Background: High density genotyping data are indispensable for genomic analyses of complex traits in animal and crop species. Maize is one of the most important crop plants worldwide, however a high density SNP genotyping array for analysis of its large and highly dynamic genome was not available so far.
Results: We developed a high density maize SNP array composed of 616,201 variants (SNPs and small indels). Initially, 57 M variants were discovered by sequencing 30 representative temperate maize lines and then stringently filtered for sequence quality scores and predicted conversion performance on the array resulting in the selection of 1.2 M polymorphic variants assayed on two screening arrays.
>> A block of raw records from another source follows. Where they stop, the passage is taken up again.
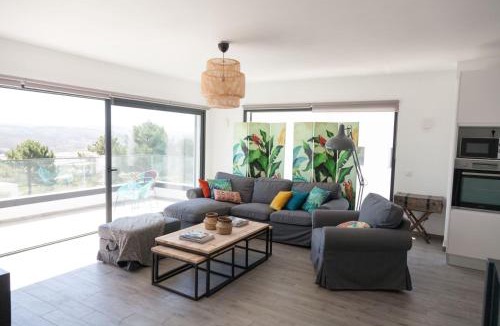 Espartal Villa | Cairnvillas - Le Maquis C34 Luxury Villa with Private Pool near Beach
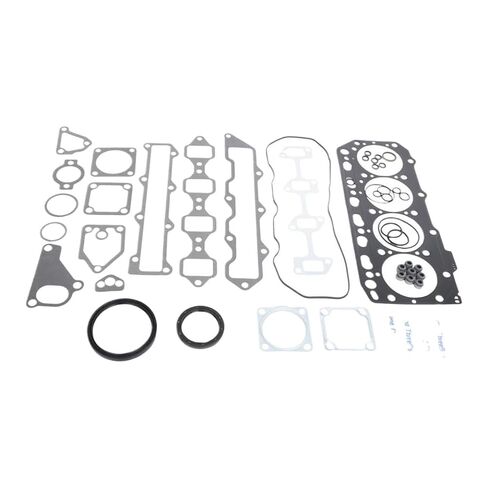 Overhaul Full Gasket Kit Set 4D88 4TNE88 4TNV88 Compatible with PC40 PC45 Excavator in Kuwait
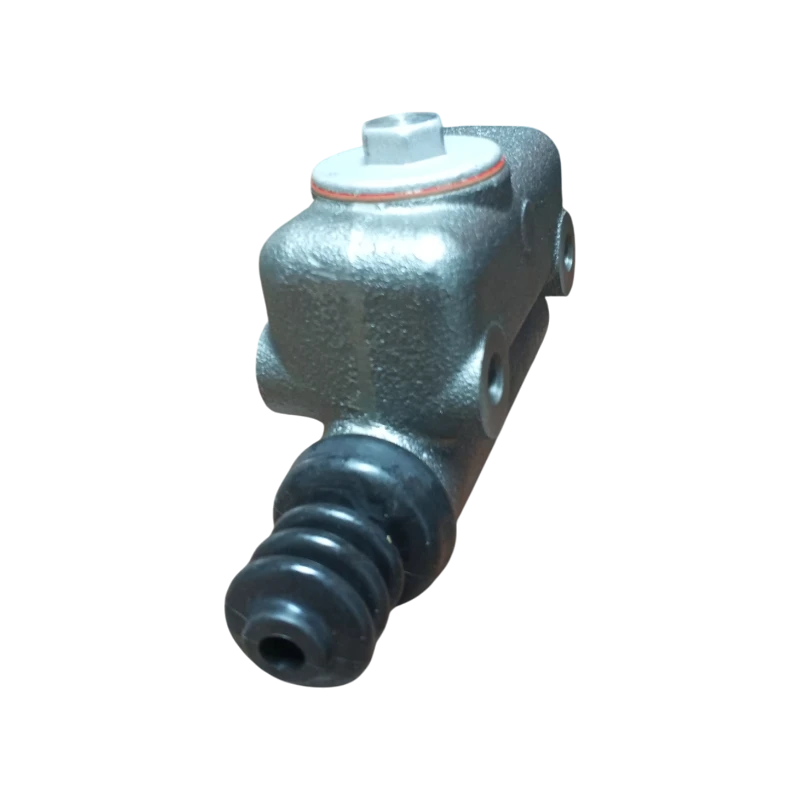 BOMBA JEEP CJ2, MONTACARGAS CLARK  1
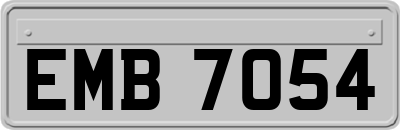 EMB7054
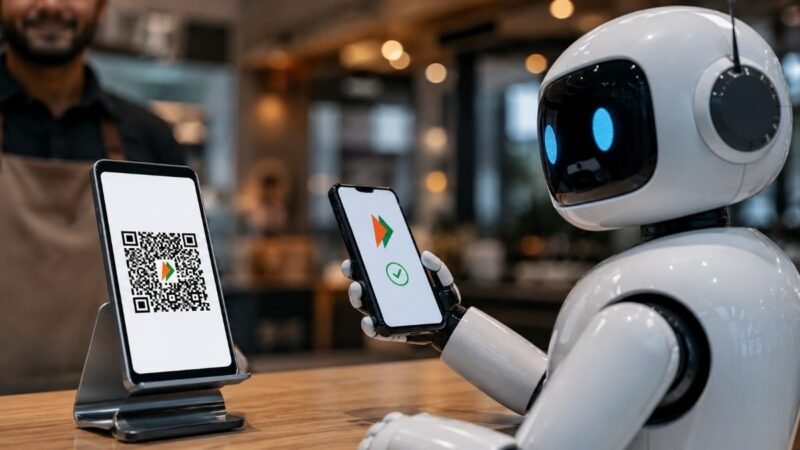 AI agents can now shop, book and even pay for you using UPI autonomously, how it works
To identify high-confidence variants, 285 DNA samples from a broad genetic diversity panel of worldwide maize lines including the samples used for sequencing, important founder lines for European maize breeding, hybrids, and proprietary samples with European, US, semi-tropical, and tropical origin were used for experimental validation. We selected 616 k variants according to their performance during validation, support of genotype calls through sequencing data, and physical distribution for further analysis and for the design of the commercially available Affymetrix® Axiom® Maize Genotyping Array. This array is composed of 609,442 SNPs and 6,759 indels. Among these are 116,224 variants in coding regions and 45,655 SNPs of the Illumina® MaizeSNP50 BeadChip for study comparison. In a subset of 45,974 variants, apart from the target SNP additional off-target variants are detected, which show only a minor bias towards intermediate allele frequencies. We performed principal coordinate and admixture analyses to determine the ability of the array to detect and resolve population structure and investigated the extent of LD within a worldwide validation panel.
Conclusions: The high density Affymetrix® Axiom® Maize Genotyping Array is optimized for European and American temperate maize and was developed based on a diverse sample panel by applying stringent quality filter criteria to ensure its suitability for a broad range of applications. With 600 k variants it is the largest currently publically available genotyping array in crop species.